◆ **Task objective**:
Write out, word for word and with no pictures, each line below from the one containing "Hotel Boutique Tres Raíces" through the one containing "BOTINES MUJER INDEX IGLADA - 1", both included, and no other line.

··· Supplied records

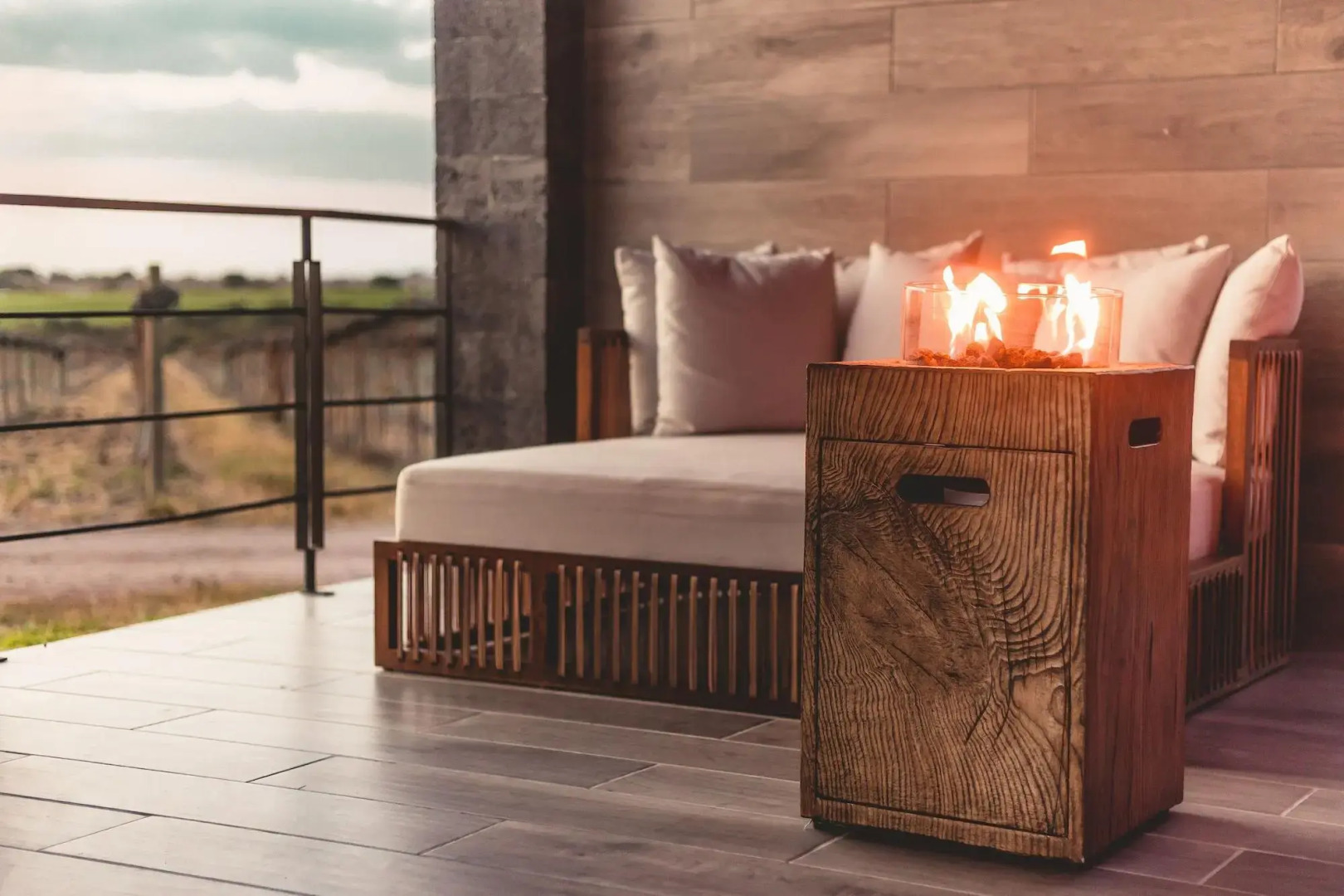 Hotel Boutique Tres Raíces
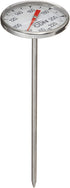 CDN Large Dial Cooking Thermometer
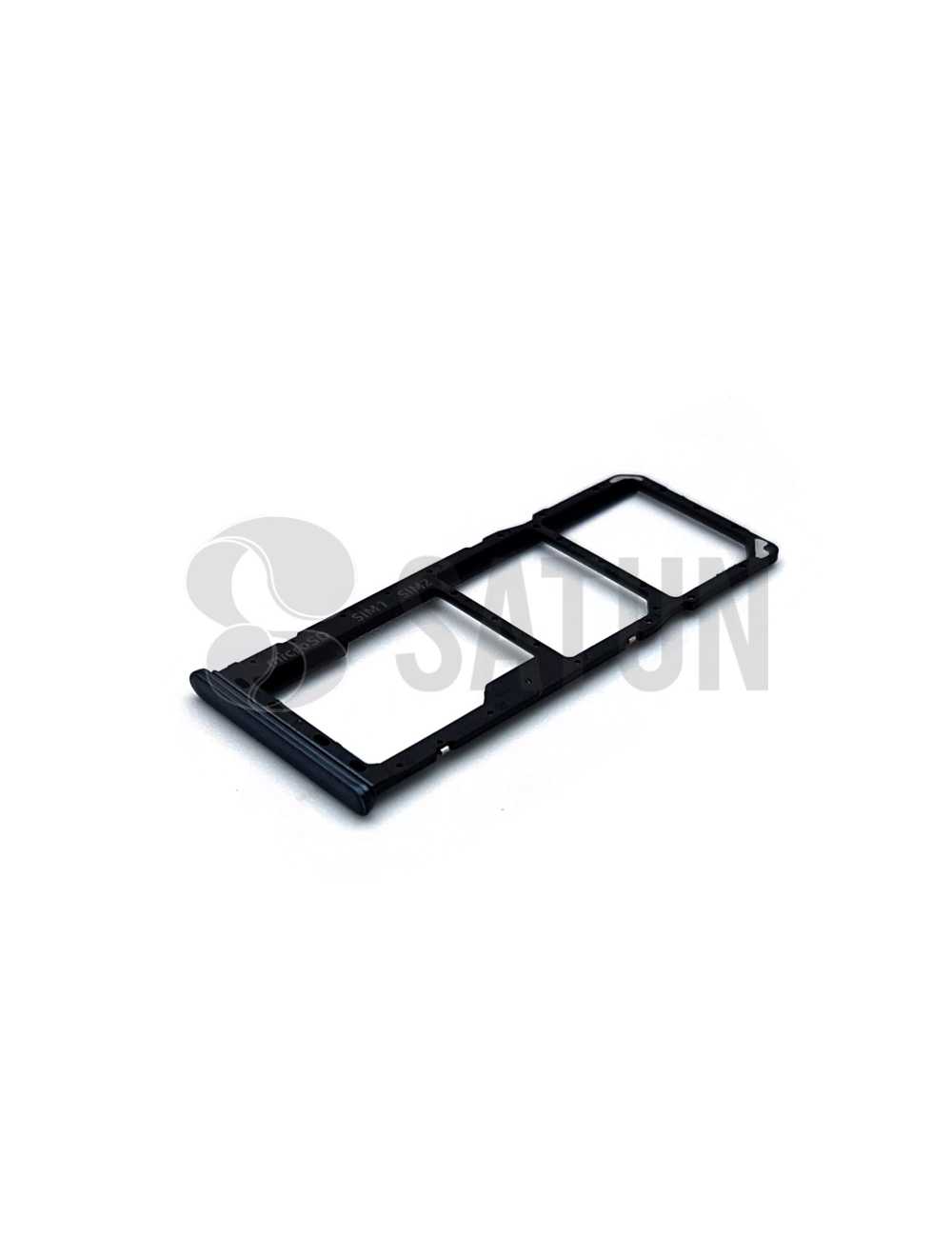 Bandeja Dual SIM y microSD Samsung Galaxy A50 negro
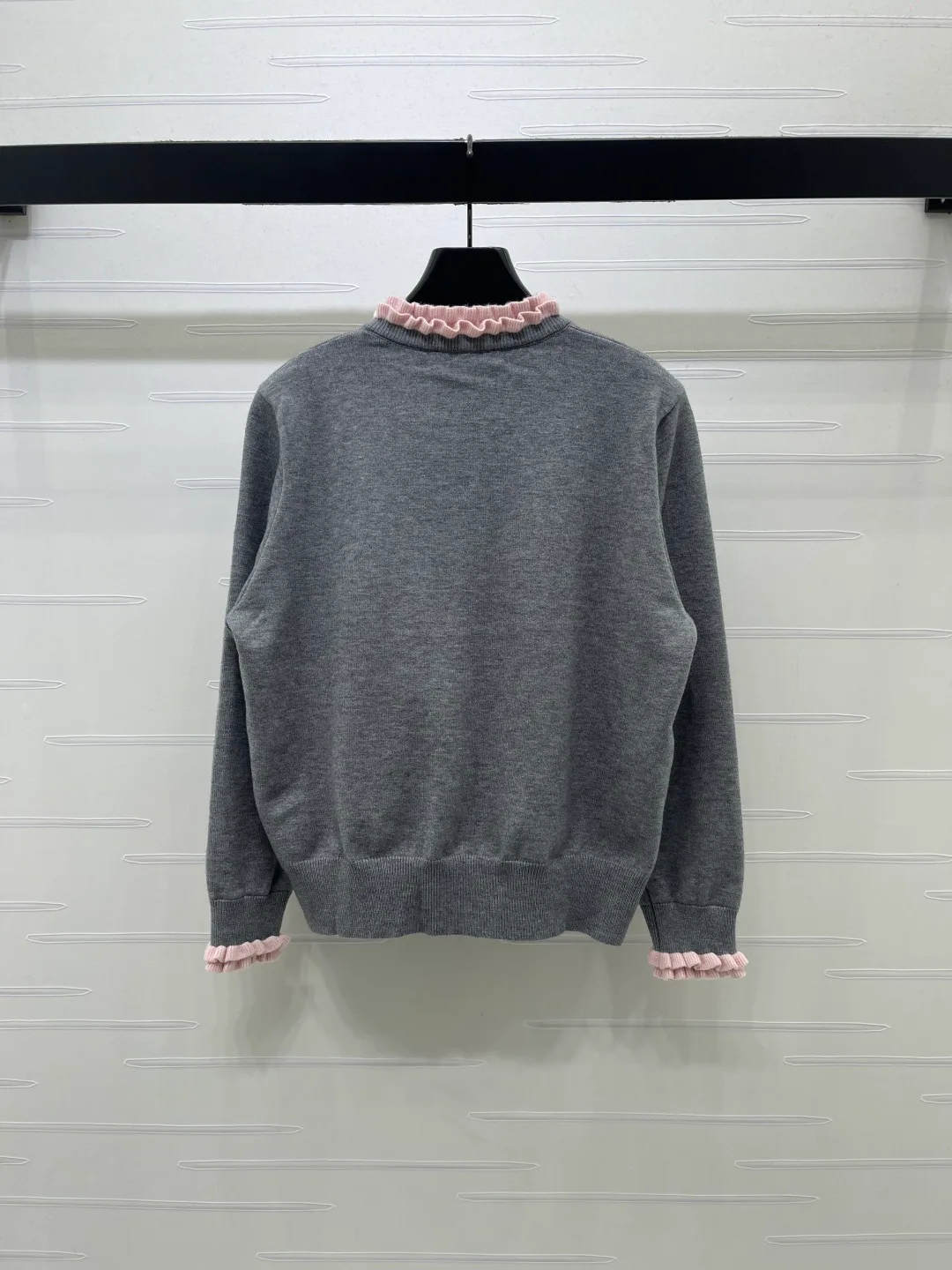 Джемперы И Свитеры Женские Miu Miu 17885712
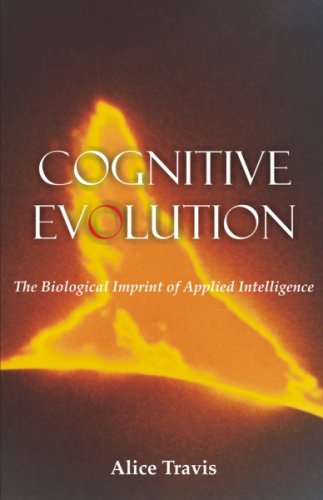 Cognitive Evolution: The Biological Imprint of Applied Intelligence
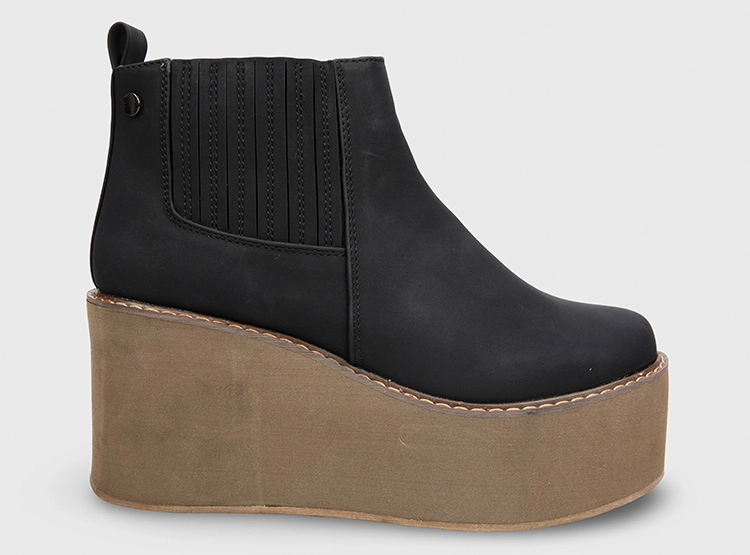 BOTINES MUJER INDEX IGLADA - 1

······
··· Supplied records

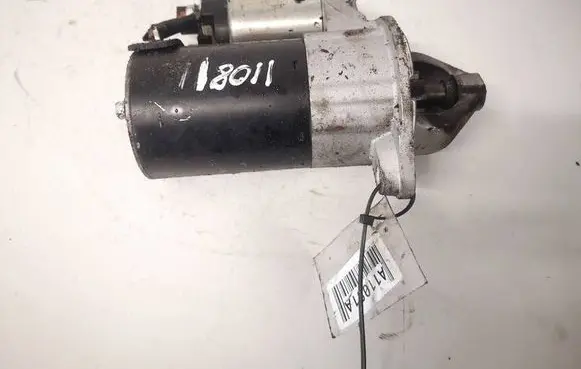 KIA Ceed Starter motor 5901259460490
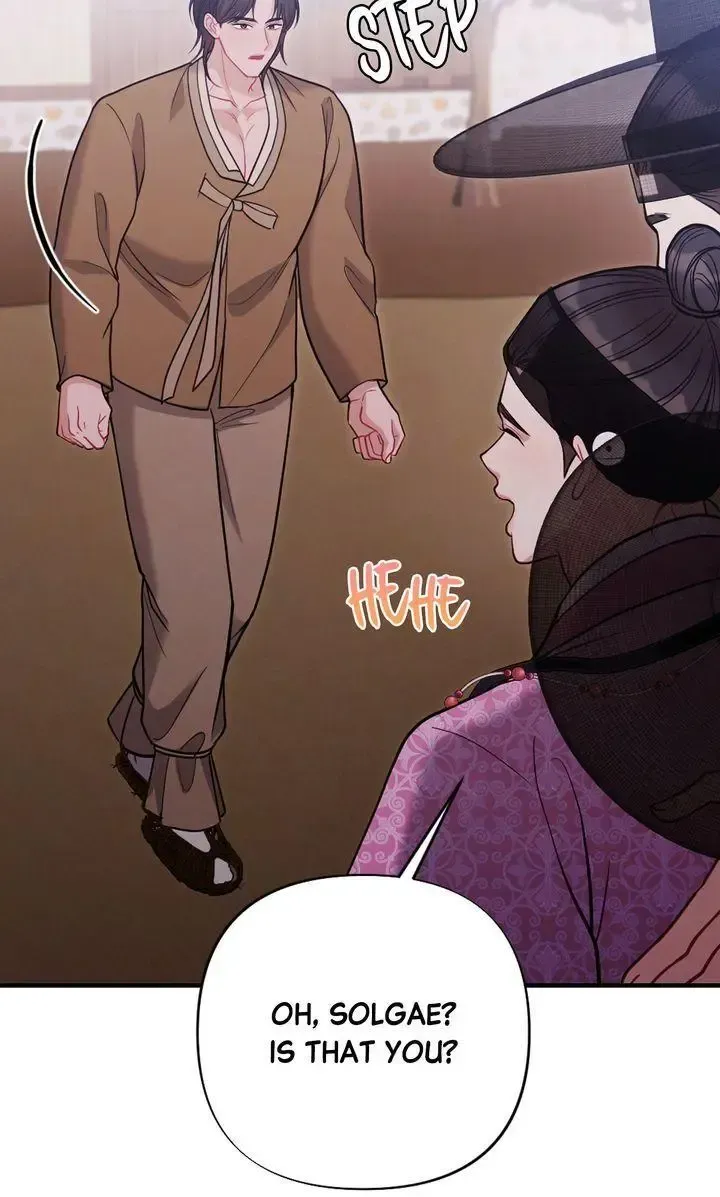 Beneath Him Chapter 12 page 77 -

······
··· Supplied records

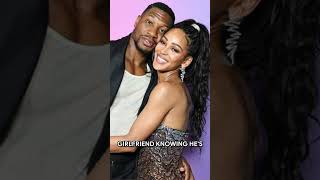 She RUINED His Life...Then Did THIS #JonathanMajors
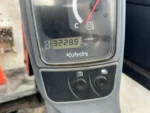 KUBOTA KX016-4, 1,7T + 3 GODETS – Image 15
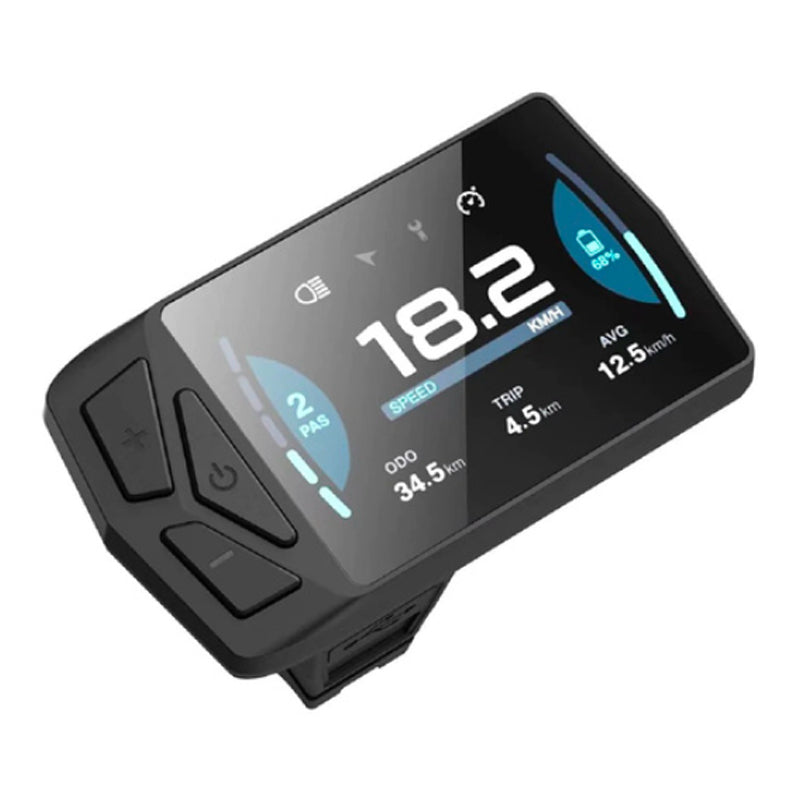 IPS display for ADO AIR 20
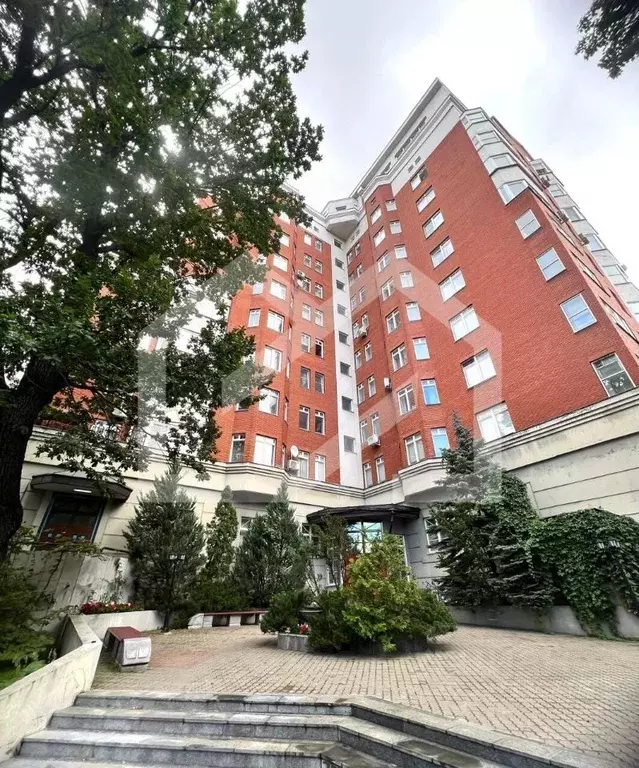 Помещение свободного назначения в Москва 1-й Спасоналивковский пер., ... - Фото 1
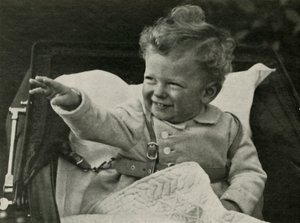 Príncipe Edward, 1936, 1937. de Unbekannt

······

◆ **Result below**:
 Hotel Boutique Tres Raíces
 CDN Large Dial Cooking Thermometer
 Bandeja Dual SIM y microSD Samsung Galaxy A50 negro
 Джемперы И Свитеры Женские Miu Miu 17885712
 Cognitive Evolution: The Biological Imprint of Applied Intelligence
 BOTINES MUJER INDEX IGLADA - 1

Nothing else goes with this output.